The overriding theme in George Osborne’s latest budget was to help the working individual and small business owners in particular. A number of the changes will benefit lower and middle income earners. This has not been without controversy: The view is that these benefits came at the expense of cuts in benefits, particularly in disability allowances. Also the changes to the taxation of dividends announced last summer, could see tax increases for directors of companies. Whatever your personal thoughts are please take a look at our summary of the main changes that could affect you:

Personal Allowances are going up

Personal allowance (the tax free band) for 2016/17 will increase from £10,600 to £11,000. A further increase to £11,500 is expected for the following tax year, with a commitment to take the personal allowance to £12,500 by 2020.

The higher point at which the higher rate of tax is applied will also increase: From £42,385 to £43,000 in 2016/17 and to £45,000 in 2017/18 with a commitment to taking the threshold to £50,000 by 2020.

Good news for small businesses

Class 2 National Insurance will be abolished from 2017/18. This will save self-employed £145.60 per year. Self-employed will continue to pay Class 4 National insurance at a rate of 9% on all profits over £8,080.
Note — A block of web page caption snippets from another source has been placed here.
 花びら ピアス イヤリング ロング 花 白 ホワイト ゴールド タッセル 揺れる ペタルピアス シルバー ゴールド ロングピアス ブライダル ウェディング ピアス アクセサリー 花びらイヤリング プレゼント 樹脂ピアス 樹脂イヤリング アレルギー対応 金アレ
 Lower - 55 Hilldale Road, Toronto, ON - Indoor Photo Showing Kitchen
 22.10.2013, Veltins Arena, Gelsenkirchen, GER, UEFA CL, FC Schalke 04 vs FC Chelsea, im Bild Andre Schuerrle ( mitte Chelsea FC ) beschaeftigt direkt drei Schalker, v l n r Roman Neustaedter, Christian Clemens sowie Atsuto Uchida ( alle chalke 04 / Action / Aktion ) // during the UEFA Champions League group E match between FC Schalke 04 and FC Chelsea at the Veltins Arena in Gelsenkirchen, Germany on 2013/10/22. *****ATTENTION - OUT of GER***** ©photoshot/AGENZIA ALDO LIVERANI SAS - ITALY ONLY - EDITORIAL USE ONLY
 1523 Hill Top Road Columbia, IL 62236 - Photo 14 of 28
Limited companies can see corporation tax rates fall from the current 20% to 19% on 1 April 2017. In the autumn statement, the Chancellor had committed to taking Corporation Tax down to 18% by 2020. Now he has committed to a further 1% cut effective 1 April 2020, giving a Corporation Tax rate of 17%. This would give UK the lowest corporation tax rate amongst G20 countries.

Further good news on Business Rates:  As of April 2017 many small businesses will see reductions in their business rates. Rate relief, where no rates are payable, will be doubled for properties with valuations from £6,000 to £12,000. Tapered relief will be available for valuations up to £15,000. Furthermore, the threshold at which higher rates are applied will increase from £18,000 to £51,000.
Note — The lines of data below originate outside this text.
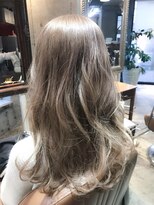 サロンドミルク 原宿(salon de MiLK)&nbsp;イルミナ艶ツヤベージュ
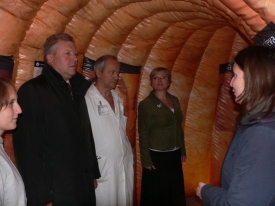 Ministr kultury prošel tlustým střevem. Maketa zavítala i do Berouna.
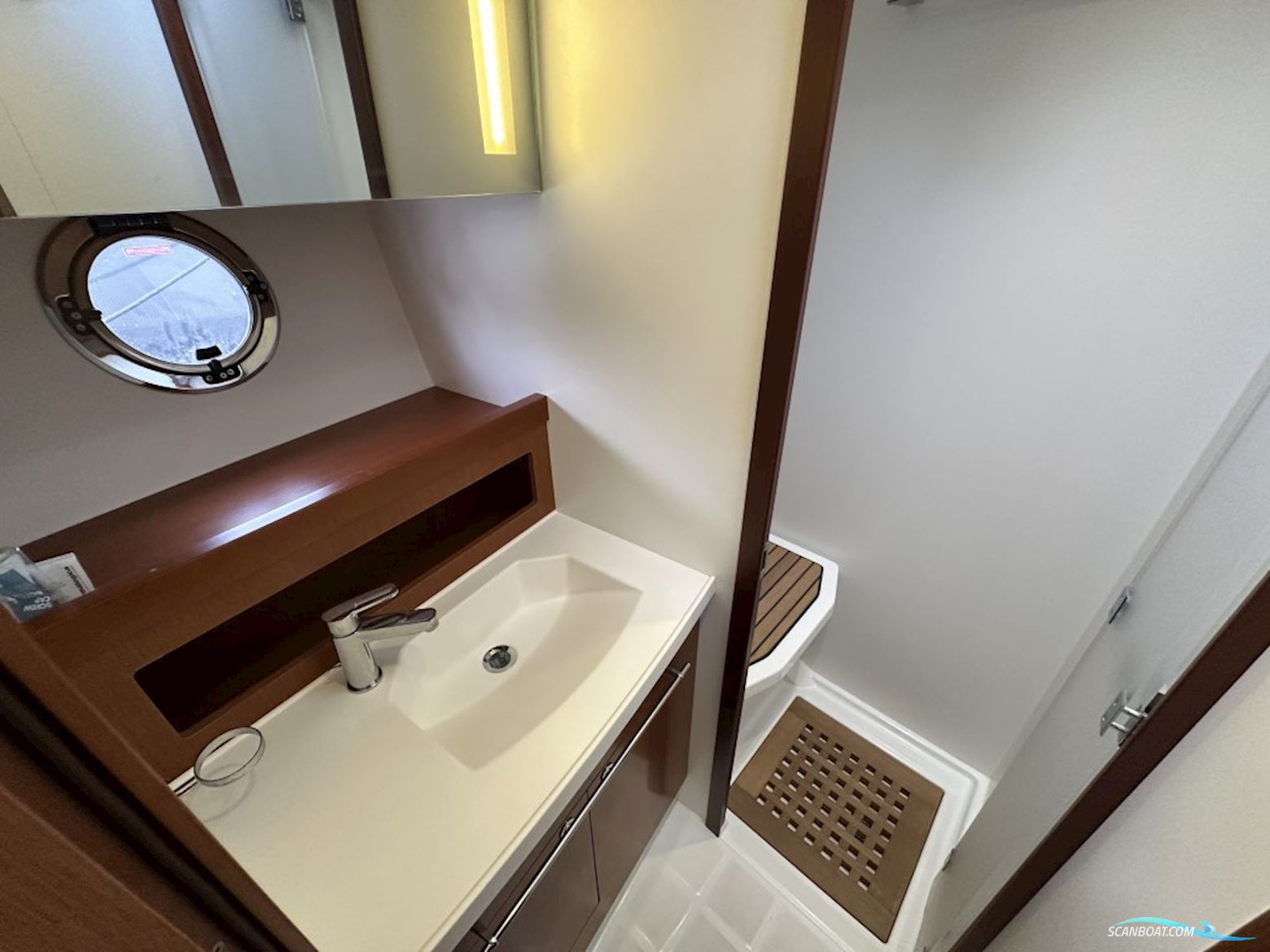 Beneteau Swift Trawler 44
Major changes to dividends

These changes were announced last summer. Most owners of limited companies who take a large proportion of their income as dividends, can expect to pay more tax. Until now all dividends taken were grossed up with a 10% tax credit, which was available to set off against tax due on dividends. Many found the concept of the tax credit confusing, but it did mean that as long as a tax payer was paying the basic rate, there was no tax to pay. Effective 6 April 2016 there will be no tax credit on dividends. Instead every taxpayer is entitled to a tax free allowance on the first £5,000 of dividends. Dividends earned above this amount will be taxed as follows:


For dividend income that falls in the:

7.5 Basic rate band (income less than £43,000)
32.5 Higher rate (between £43,000 and £150,000)
38.3 Top rate (income greater than £150,000)

Although the principles appear straightforward, the effects can vary greatly from individual to individual. Planning the income you take is an important part of our service to clients. We have tried to speak to all our clients who could be affected, but if you would like to discuss the impact of these changes then please get in touch.

And major reductions on Capital Gains tax

Capital gains tax is charged to individuals on profits made when selling assets. Most commonly capital gains tax could be charged on the sale of shares or a second property. Every individual has an annual personal allowance of £11,100. Any profits above this amount will be taxed. Effective from 6 April 2016, the rates of tax were reduced from 18% to 10% for basic rate tax payers and from 28% to 20% for higher rate tax payers. However these changes to do not apply to the sale of residential property.

This was a major surprise and leaves the UK with the lowest capital gains taxes of the OECD countries.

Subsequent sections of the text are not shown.